It's been an unusually cold summer in Wellington, but that hasn't stopped Hutt Valley High School sprinter Nick Smith from pursuing hot times on the track.
The National Secondary Schools 100m and 200m senior champion has his sights set on a scholarship in the USA, but he needs to keep his pedal on the metal.
"The weather has been pretty frustrating. It has prevented me from running as quickly as I would like, but I have been competing against open aged athletes, which has pushed me because you always have somebody to chase," Smith says.
Smith has managed podium finishes at the Cook, Capital and Porritt Classics which are open events. Since December he has reduced his personal best times over both distances. His PB in the 100m is 10.71s while in the 200m his quickest time is 21.80s. The time Smith is desperate to beat is the National Under-18 100m record of 10.55s shared by Kodi Harman and Joshua Billington.
"In April I am going to California to compete at the Arcadia Invitational where there will be many scouts. If I can run a time below 10.6s I will be competitive and increase my chances of being recognised," Smith explains.
The Arcadia Invitational has produced 152 US Olympians and the 100m record at the age group meet is a lighting 10.17s held by American Noah Lyles.
Prior to that Smith will compete in a series of interclub and zone meeting in both age group and open categories. The first indication of how competitive he could be in the US will happen in late March when he appears at the Australian Championships where recent sensation Jack Hale is likely to make an appearance.
"It's the first time high school athletes have competed in the Australian Open's. It will be tough, but if I can make a final and keep reducing my times I will be happy. It's going to be a massive year," Smith enthuses.

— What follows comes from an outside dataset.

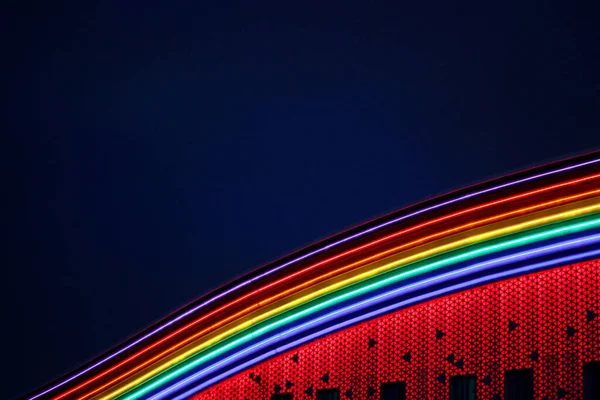 Rainbow of LED strips. decor on the shopping center. multicolored wave against a Dark sky — Stock Photo, Image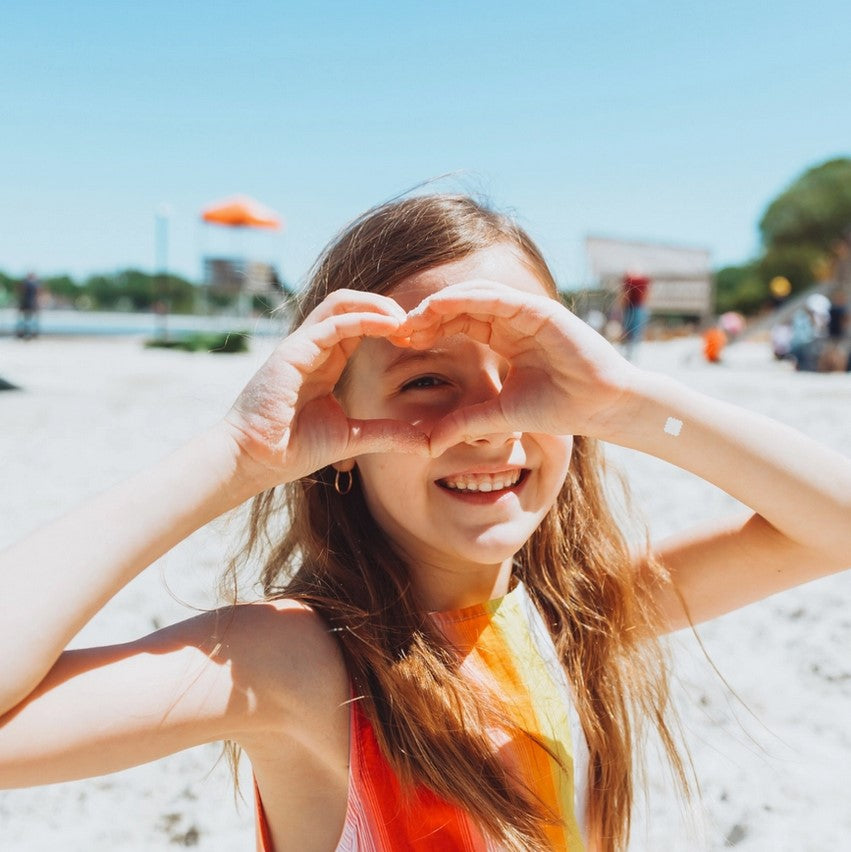 Close-up of NATPAT UV Sensing Sticker’s textured surface and vibrant green color, highlighting its thin, flexible material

P.S. Don Jowett, also an old boy of Hutt Valley High School, was admitted to the New Zealand Sports Hall of Fame during the annual Halberg Awards evening last Thursday. Jowett is unique in the annals of New Zealand athletics in that he is the only New Zealand sprinter to win a gold medal at a major international meeting. At the 1954 Vancouver British Empire and Commonwealth Games he won gold in the 220 yards and silver in the 440 yards. At the 1950 Auckland Empire Games he won bronze in the 220 yards. He won three New Zealand 220 yards titles and four 440 yards titles. He set a New Zealand 100 yards record in 1949. He was an IAAF track referee and Otago representative rugby player. It seems spiriting runs deep at Hutt Valley High School.